Available records –
• • • •
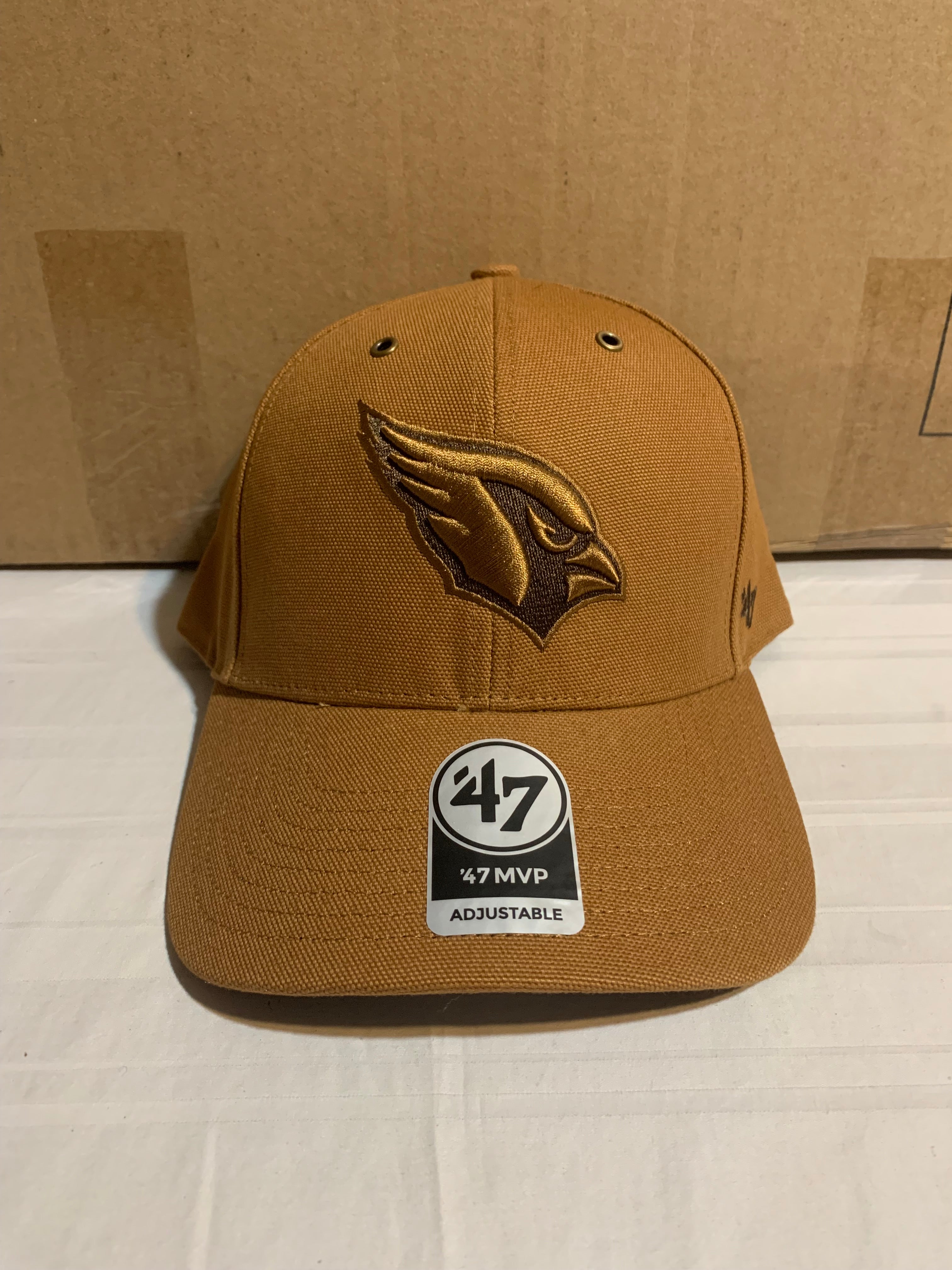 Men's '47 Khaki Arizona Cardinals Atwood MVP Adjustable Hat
• • • •
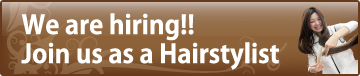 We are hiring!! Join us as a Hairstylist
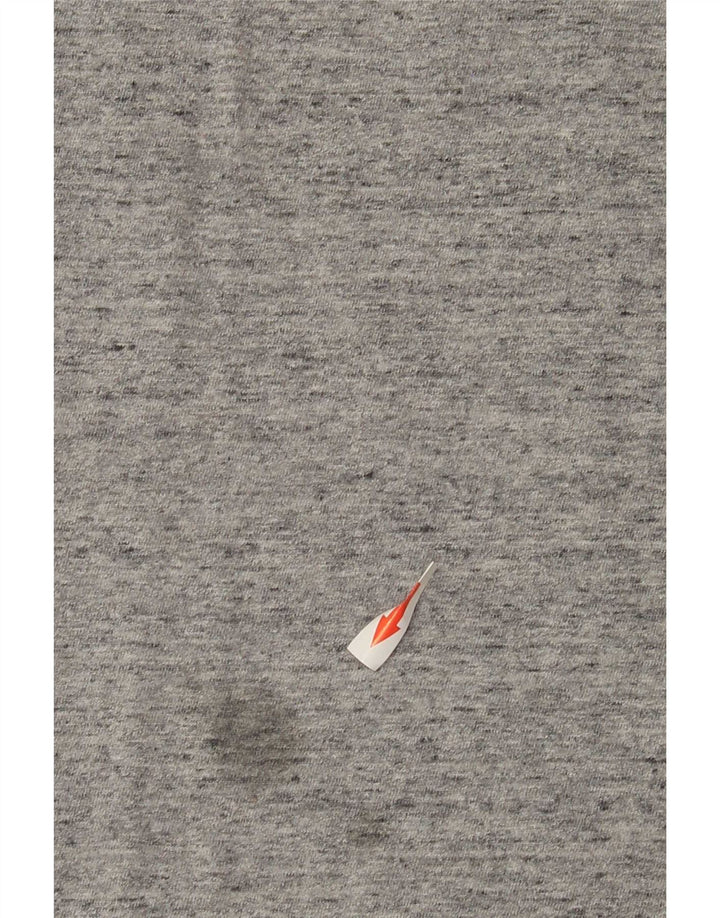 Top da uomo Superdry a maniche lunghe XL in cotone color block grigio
• • • •
Exercise objective –
Return exactly the lines above, from the one with "We are hiring!! Join us as a Hairstylist" up to and including the one with "Top da uomo", and include no pictures.

Worked solution –
 We are hiring!! Join us as a Hairstylist
 Top da uomo Superdry a maniche lunghe XL in cotone color block grigio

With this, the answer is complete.